▸ YOUR TASK:
Search each line below for "Pink", then return the lines where it appears.

━━ EXERCISE MATERIAL

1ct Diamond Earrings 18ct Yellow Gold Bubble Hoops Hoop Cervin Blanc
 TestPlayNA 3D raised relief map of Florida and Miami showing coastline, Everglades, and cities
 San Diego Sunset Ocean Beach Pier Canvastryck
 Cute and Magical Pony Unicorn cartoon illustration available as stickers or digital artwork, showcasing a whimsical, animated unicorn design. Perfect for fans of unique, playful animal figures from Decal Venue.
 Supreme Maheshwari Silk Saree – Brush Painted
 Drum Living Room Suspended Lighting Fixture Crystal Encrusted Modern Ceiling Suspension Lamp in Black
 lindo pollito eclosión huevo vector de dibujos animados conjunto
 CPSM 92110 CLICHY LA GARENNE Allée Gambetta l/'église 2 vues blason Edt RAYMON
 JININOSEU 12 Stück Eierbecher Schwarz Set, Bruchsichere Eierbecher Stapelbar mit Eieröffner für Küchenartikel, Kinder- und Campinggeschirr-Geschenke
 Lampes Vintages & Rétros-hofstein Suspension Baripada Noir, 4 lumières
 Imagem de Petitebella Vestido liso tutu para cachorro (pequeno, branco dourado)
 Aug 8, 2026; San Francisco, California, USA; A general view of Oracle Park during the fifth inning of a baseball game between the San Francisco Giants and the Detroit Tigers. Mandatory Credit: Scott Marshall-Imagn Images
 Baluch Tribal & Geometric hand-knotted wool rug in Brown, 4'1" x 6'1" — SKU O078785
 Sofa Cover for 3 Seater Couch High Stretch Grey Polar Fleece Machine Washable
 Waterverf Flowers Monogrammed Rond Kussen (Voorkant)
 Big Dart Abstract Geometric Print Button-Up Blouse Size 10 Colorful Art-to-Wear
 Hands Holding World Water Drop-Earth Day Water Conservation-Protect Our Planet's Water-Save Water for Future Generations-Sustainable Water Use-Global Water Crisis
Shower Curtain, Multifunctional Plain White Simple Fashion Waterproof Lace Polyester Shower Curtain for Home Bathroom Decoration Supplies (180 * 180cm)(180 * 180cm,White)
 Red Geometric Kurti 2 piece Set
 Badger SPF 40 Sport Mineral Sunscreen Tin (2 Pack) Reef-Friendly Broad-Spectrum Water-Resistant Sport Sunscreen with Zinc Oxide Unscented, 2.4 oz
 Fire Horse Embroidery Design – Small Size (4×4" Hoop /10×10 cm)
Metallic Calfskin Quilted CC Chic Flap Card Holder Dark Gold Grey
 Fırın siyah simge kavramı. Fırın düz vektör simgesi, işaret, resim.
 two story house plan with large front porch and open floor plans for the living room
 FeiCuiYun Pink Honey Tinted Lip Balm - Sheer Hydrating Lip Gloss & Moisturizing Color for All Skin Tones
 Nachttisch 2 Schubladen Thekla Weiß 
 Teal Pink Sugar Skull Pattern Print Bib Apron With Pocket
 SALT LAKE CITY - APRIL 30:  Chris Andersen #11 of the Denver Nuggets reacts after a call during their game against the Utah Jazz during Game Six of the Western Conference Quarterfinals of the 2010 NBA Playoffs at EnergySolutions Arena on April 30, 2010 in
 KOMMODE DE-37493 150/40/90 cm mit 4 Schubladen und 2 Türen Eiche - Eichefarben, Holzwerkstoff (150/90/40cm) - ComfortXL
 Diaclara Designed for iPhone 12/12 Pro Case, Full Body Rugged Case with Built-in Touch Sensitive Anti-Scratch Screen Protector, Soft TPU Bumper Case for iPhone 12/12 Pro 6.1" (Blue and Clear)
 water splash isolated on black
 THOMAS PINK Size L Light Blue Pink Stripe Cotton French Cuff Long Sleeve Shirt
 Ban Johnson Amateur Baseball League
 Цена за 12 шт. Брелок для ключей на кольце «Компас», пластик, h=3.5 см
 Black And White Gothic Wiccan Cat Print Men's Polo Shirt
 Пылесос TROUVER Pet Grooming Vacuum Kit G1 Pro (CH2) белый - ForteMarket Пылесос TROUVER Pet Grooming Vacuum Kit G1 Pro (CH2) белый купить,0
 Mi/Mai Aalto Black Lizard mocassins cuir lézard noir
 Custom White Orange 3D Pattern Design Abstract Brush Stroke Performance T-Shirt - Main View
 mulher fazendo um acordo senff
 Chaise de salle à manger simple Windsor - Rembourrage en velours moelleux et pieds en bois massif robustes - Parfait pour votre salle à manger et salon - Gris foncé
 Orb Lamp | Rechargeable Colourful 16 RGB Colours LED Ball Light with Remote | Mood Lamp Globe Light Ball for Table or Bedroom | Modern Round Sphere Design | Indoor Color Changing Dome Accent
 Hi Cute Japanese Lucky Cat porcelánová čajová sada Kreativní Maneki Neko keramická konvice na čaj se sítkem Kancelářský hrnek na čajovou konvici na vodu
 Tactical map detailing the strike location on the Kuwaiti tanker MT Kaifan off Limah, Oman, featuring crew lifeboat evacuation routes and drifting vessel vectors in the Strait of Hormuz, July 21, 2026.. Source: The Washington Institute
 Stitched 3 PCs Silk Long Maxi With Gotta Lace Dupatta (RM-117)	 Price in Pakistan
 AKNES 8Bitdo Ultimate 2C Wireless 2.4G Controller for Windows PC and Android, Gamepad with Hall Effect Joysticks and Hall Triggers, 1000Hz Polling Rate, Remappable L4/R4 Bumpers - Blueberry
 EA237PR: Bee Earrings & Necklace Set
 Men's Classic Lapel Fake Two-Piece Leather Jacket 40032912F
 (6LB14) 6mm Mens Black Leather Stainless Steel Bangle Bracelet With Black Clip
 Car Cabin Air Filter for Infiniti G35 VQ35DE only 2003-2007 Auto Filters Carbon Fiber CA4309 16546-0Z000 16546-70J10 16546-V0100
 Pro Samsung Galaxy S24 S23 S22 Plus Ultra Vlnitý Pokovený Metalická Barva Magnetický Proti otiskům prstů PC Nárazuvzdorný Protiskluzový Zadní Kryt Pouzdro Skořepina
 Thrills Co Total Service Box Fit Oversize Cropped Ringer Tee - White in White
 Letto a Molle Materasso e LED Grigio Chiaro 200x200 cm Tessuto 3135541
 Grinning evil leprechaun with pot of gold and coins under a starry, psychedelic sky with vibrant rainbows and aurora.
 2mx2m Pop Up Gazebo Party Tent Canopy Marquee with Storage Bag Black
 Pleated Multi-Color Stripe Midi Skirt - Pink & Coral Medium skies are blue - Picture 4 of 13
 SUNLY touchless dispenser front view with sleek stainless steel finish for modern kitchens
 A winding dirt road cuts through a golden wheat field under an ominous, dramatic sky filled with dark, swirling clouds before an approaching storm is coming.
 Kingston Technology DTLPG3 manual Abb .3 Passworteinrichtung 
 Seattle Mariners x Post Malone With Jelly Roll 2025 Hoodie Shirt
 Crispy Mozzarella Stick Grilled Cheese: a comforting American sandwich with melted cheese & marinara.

━━━━

▸ ANSWER TO THIS TASK:
 FeiCuiYun Pink Honey Tinted Lip Balm - Sheer Hydrating Lip Gloss & Moisturizing Color for All Skin Tones
 Teal Pink Sugar Skull Pattern Print Bib Apron With Pocket
 THOMAS PINK Size L Light Blue Pink Stripe Cotton French Cuff Long Sleeve Shirt
 Pleated Multi-Color Stripe Midi Skirt - Pink & Coral Medium skies are blue - Picture 4 of 13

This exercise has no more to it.